- Açıklama
Açıklama
Böylece açıklık kazanıyor ki, çelişkinin çelişkisi kanunu, hareketin onunla yorumlanışı ve çekişmezlik prensibine inanan metafizikçilerin fikirleri etrafında koparılan her türlü şamata, gürültü, patırtı ve alaya alma; bütün bunların hepsi hareket hakkında arzettiğimiz felsefî mefhuma döner ki, Marksistler onu anlamakta hataya düşmüşler, hareketin bütün aşamalarında kuvve ile fiilin birbirine kenetlenmesi veya bir arada bulunmasını; karşıt edimlerin bir yerde yığılması, sürekli çelişki ve çelişenler arası çatışmalardan ibaret saymışlar, bu nedenle çelişmezlik ilkesini reddetmiş ve genel mantığın tümden değersiz olduğunu ilan etmişlerdir.
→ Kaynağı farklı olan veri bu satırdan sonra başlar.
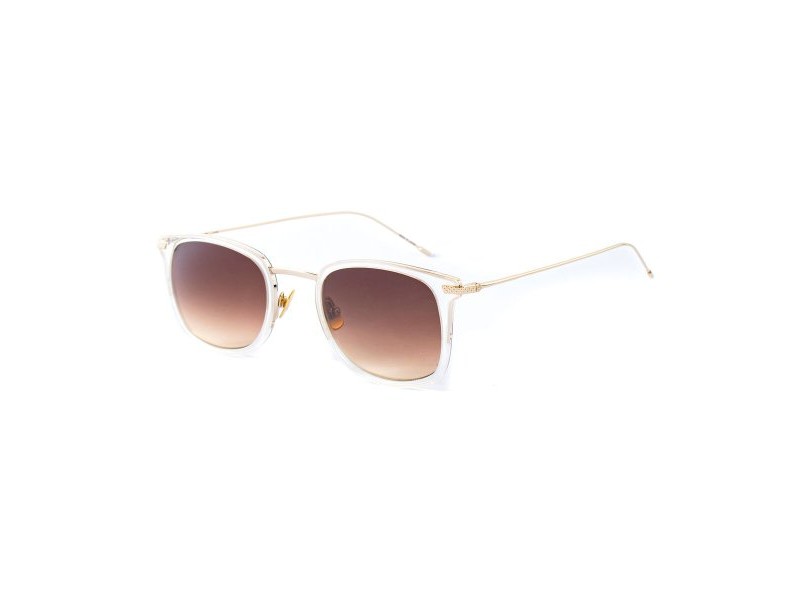 Слънчеви очила унисекс Belstaff HERONGATE-S208 Ø 49 mm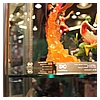 WonderCon-2018-DC-Collectibles-006.jpg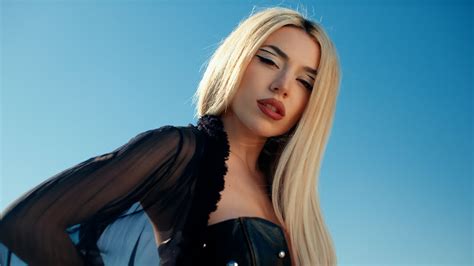 Kygo Ava Max Whatever Official Video YouTube
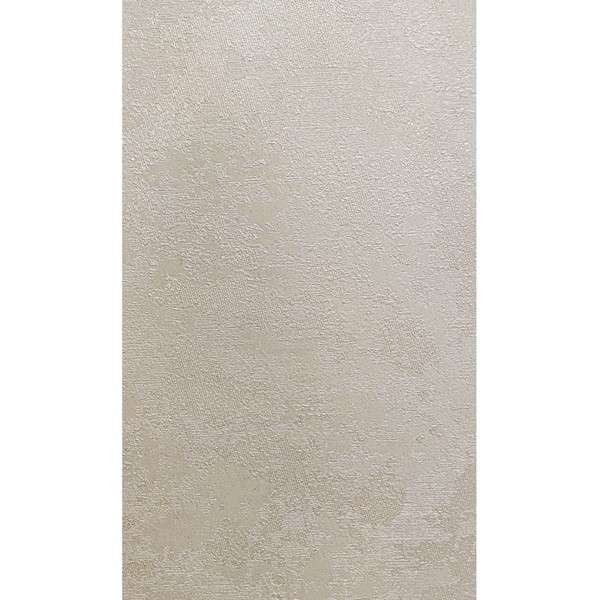 کاغذ دیواری دکورمال مدل DM103042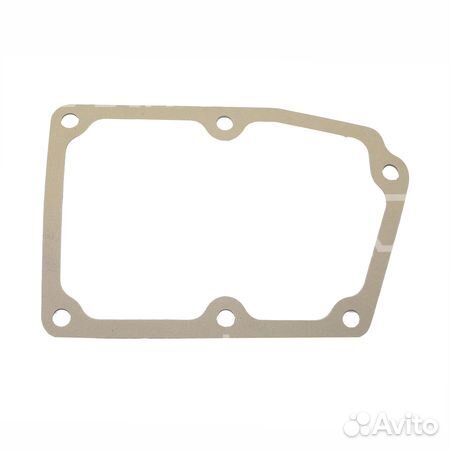 Прокладка TVH/10999428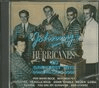 beatnik fly keyboard transcription johnny & the hurricanes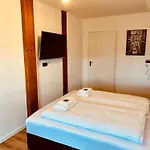 Apartman City
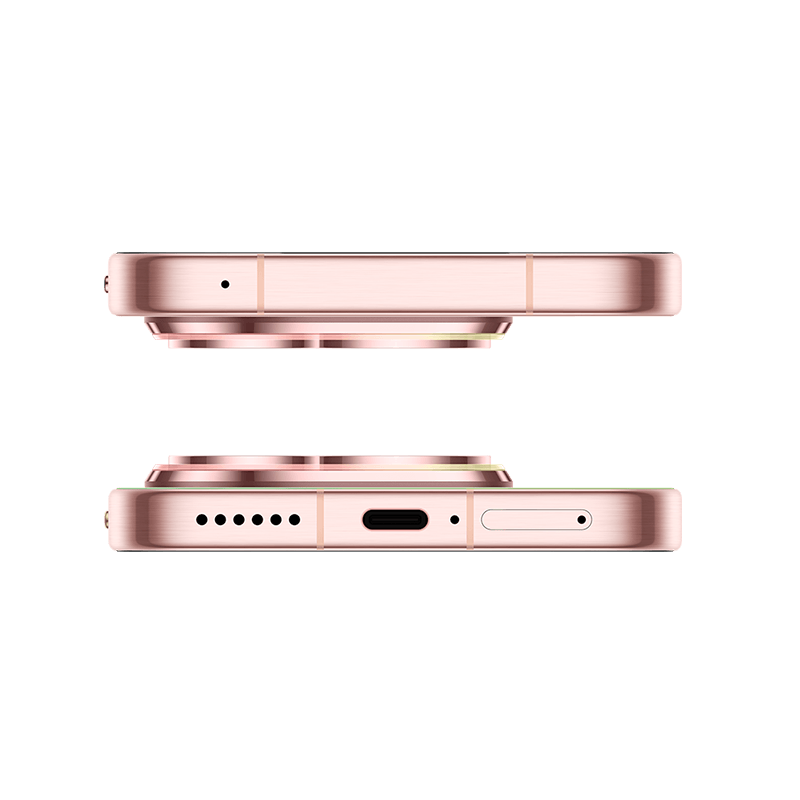 Pre Order - Huawei Pura 90s Pro Mobile Phone 12GB / 256GB - Guava Soda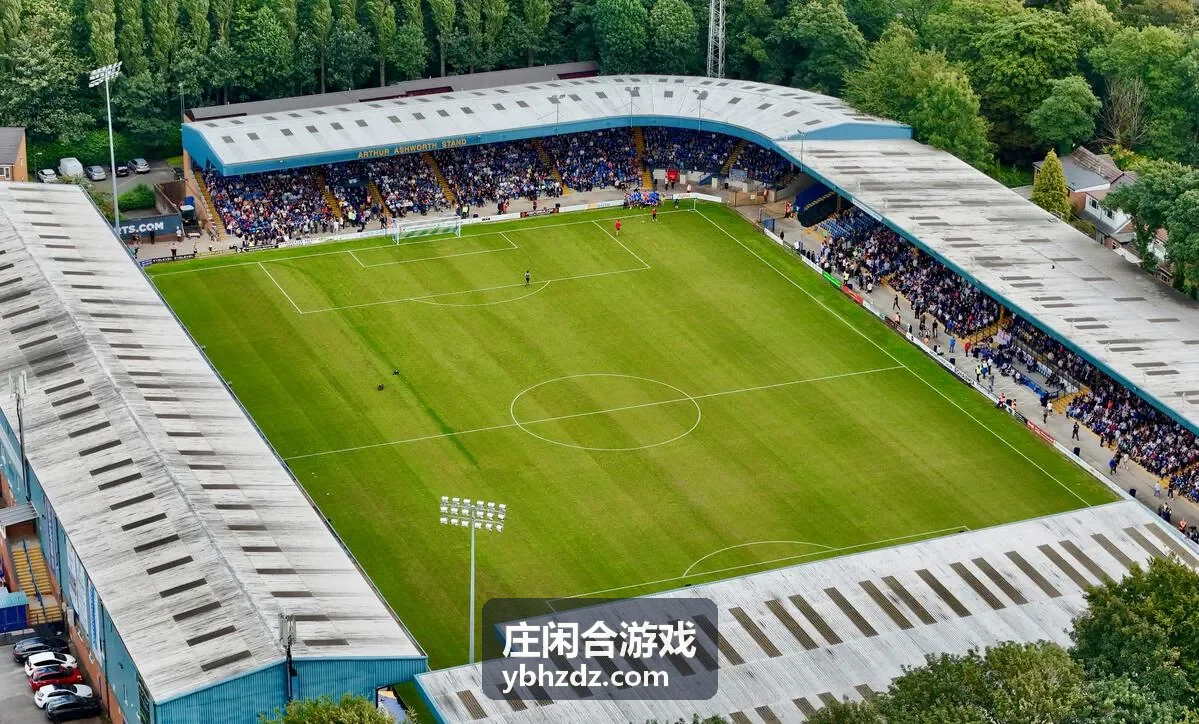 庄闲合游戏玩法规则示意图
Marksistlerin bu çabası, sahasında ilk değildir. Çünkü metafizikçi düşünürlerin bir kısmı da eski felsefe tarihinde böyle bir girişimde bulunmuşlardır. Bir farkla ki, Marksistler bu çabalarıyla çelişkiyi haklı çıkarmak istemişler diğerleri ise, çelişkiyi barındırmasını varsayarak, hareket olasılığının iptaline kanıt getirmeye çalışmışlardır.